Hacker News new | ask | show | jobs
by boxy310 3136 days ago
The major advantage proposed for capsule networks is the ability to train off far fewer number of observations, not necessarily the full accuracy. At this point CNN's are consistently approaching or even exceeding human levels of accuracy, and thus be benefiting from a slower but more accurate methodology that relies on far more training data.
1 comments

Skimming the two papers I could not find any figure about data efficiency. Did you?
The specific instance I was remembering was from interviews Hinton's given about these papers, but this is the section of the arXiv paper that's relevant:

>Now that convolutional neural networks have become the dominant approach to object recognition, it makes sense to ask whether there are any exponential inefficiencies that may lead to their demise. A good candidate is the difficulty that convolutional nets have in generalizing to novel viewpoints. The ability to deal with translation is built in, but for the other dimensions of an affine transformation we have to chose between replicating feature detectors on a grid that grows exponentially with the number of dimensions, or increasing the size of the labelled training set in a similarly exponential way. Capsules (Hinton et al. [2011]) avoid these exponential inefficiencies by converting pixel intensities into vectors of instantiation parameters of recognized fragments and then applying transformation matrices to the fragments to predict the instantiation parameters of larger fragments. Transformation matrices that learn to encode the intrinsic spatial relationship between a part and a whole constitute viewpoint invariant knowledge that automatically generalizes to novel viewpoints. Hinton et al. [2011] proposed transforming autoencoders to generate the instantiation parameters of the PrimaryCapsule layer and their system required transformation matrices to be supplied externally. We propose a complete system that also answers "how larger and more complex visual entities can be recognized by using agreements of the poses predicted by active, lower-level capsules".

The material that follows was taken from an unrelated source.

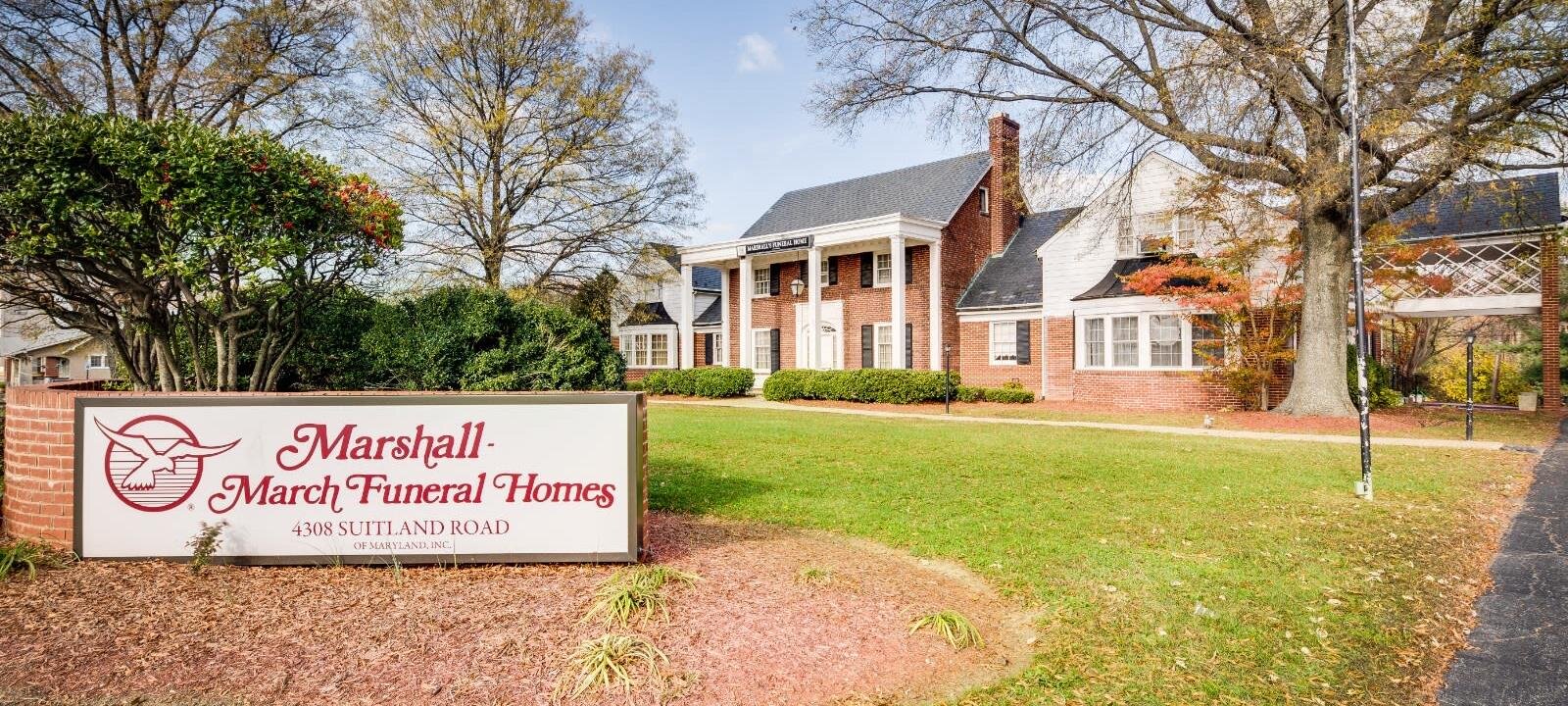 Marshall-March Funeral Homes - Prince George's County, Suitland MD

More broadly speaking, the benefit of being able to recognize slightly transformed viewing angles leads to dramatically fewer needed training observations that are still clearly identifiable as the same object.

So basically there's zero evidence in the paper that capsule networks require fewer training examples, correct?
I think that is correct because otherwise they would have mentioned it as an outstanding feature of the model. It does require fewer parameters than a CNN to reach the same accuracy.